Exercise prompt:
Write out, word for word, every line in the data below from the one containing "Spicy Spophie Funny" to the one containing "TSS Mini Comics 1-Pranks", both of them included.

Records:
+ + +
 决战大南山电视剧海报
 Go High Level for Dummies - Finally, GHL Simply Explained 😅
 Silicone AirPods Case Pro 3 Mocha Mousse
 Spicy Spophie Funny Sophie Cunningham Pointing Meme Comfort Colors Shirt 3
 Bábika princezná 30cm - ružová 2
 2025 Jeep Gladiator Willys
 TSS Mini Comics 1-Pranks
+ + +
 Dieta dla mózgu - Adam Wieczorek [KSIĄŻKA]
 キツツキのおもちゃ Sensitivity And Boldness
+ + +
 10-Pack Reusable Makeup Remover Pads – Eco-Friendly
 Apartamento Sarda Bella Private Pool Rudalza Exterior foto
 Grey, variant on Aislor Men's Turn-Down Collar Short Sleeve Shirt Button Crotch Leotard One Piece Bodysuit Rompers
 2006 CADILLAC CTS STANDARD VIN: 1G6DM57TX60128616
+ + +
Exercise output:
 Spicy Spophie Funny Sophie Cunningham Pointing Meme Comfort Colors Shirt 3
 Bábika princezná 30cm - ružová 2
 2025 Jeep Gladiator Willys
 TSS Mini Comics 1-Pranks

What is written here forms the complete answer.